Start of INFORMATION SHOWN
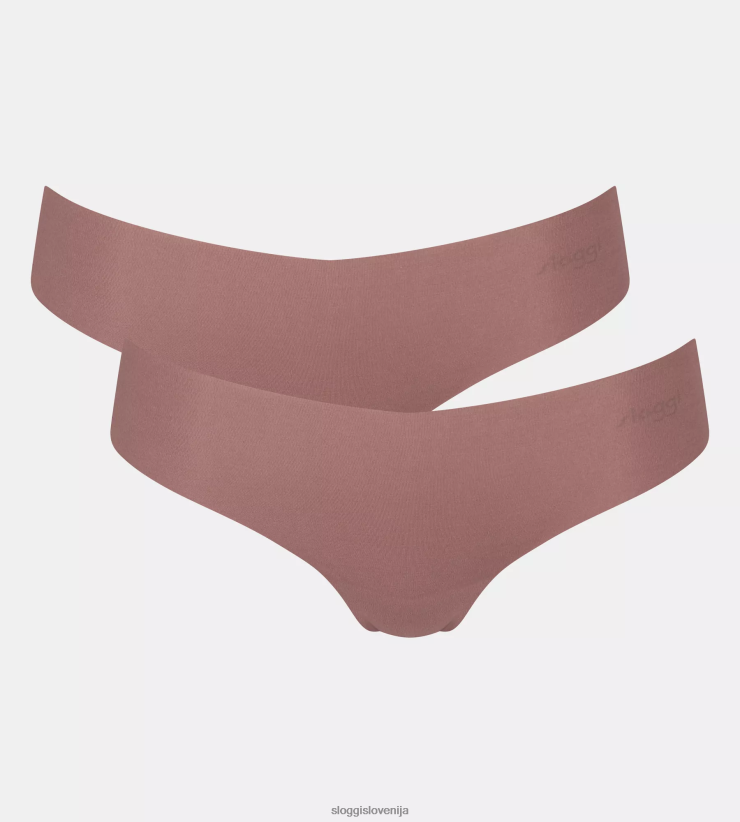 hlacke_sloggi_nicelni_modalni_niz_2_0_zenske_kakav_z0xz48708.png hlačke | sloggi ničelni modalni niz 2.0 ženske kakav Z0XZ48708 - Image 1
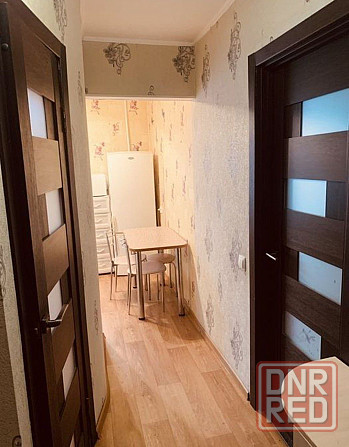 1-к квартира, 38 м2, 4/9 эт. Мариуполь - изображение 3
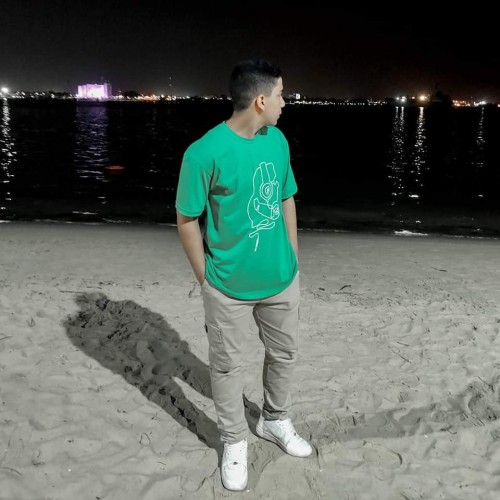 Ahmed A.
End of INFORMATION SHOWN
* _YOUR TASK_: Your job is to repeat the data exactly, leaving each picture out.

* _RESPONSE TO THE TASK_:
 hlacke_sloggi_nicelni_modalni_niz_2_0_zenske_kakav_z0xz48708.png hlačke | sloggi ničelni modalni niz 2.0 ženske kakav Z0XZ48708 - Image 1
 1-к квартира, 38 м2, 4/9 эт. Мариуполь - изображение 3
 Ahmed A.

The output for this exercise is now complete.